Our school is extremely privileged to have cleaning staffs. However, often students tend to abuse these privileges and forget that it is also within their responsibility to keep the school clean and orderly. Pieces of garbage and used cutlery are often left abandoned in corridors, lunch tables, and common rooms, with no hope of rescue.
Even though the second law of thermodynamics states that entropy can only increase, and that restoring order in one part of the universe simply causes more overall chaos, those who’ve tried that excuse would know that it really doesn’t work when it comes to the tedious yet somewhat necessary task of room-cleaning. These classrooms are for the students to use and for the students to maintain, and thus it is inevitable for students to be put in charge of cleaning them. The rooms aren’t gonna clean themselves, you know.
No:
Transitioning from Middle School to High School definitely requires you to step up your game. Therefore, there is really no time to perform classroom cleaning. Let me put this into perspective. Despite what others say, 9th grade is the time to start inserting qualifications into your blank transcript. Middle School no longer matters. It does not matter that you won a writing competition in Middle School. High School is a clean slate, but also a time to challenge yourself.

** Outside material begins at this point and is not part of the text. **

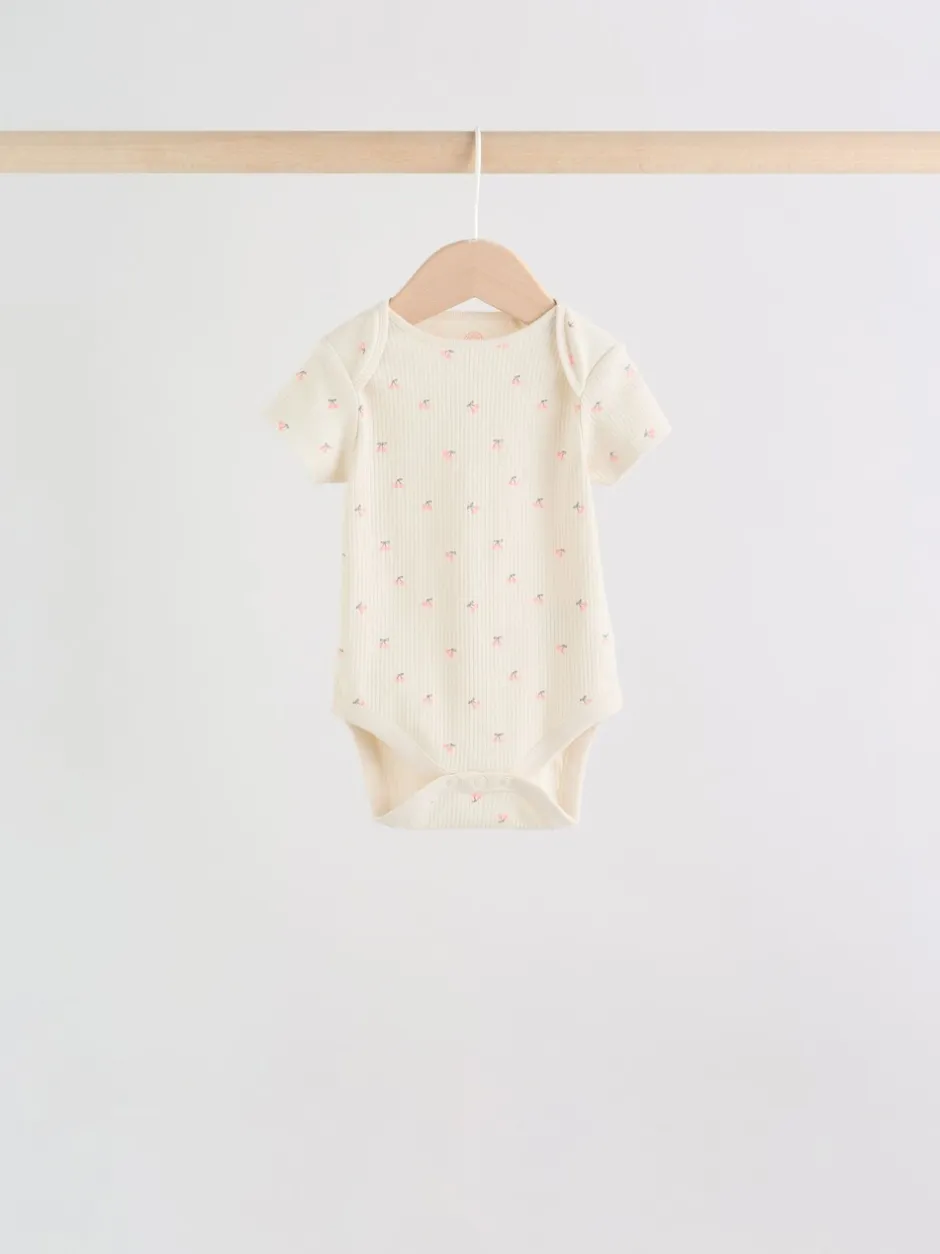 Rompertjes En Hemdjes*Next Roze bloemetjes - Set van 5 babyrompertjes met korte mouwen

Of course, taking six AP courses and maintaining a 4.5 GPA are the obvious required academic achievements.
Participating in a single activity is no longer good enough. You need to show colleges that you are well-rounded. You need to be the kind of student that can run one mile in seven minutes, debate competitively, and sing in Honor Choir (optional: starting a new club). Of course, you may not want to attend a 5% acceptance rate college in the U.S., but if you do, or feel the pressure to attend such schools, these are the minimum requirements to meet. And these are only the extracurricular activities.

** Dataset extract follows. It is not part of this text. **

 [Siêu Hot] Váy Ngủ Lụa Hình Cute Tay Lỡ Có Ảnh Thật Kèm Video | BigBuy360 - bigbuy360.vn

Outside of school, you have to be equally as productive. There is a section of the common app that asks you about the activities you attend after school. The best answer to that question is the hours of charity work you engage in. Charity work is the best way to show universities that you excel in school and are a productive member of the society.
Additionally, you are not just a high school student. You are also a teenage girl with a social life. Realistically, you will not be studying six hours a day, forty-two hours a week.
Therefore, with all these goals to work towards, do you still think High School students have time to do classroom cleaning?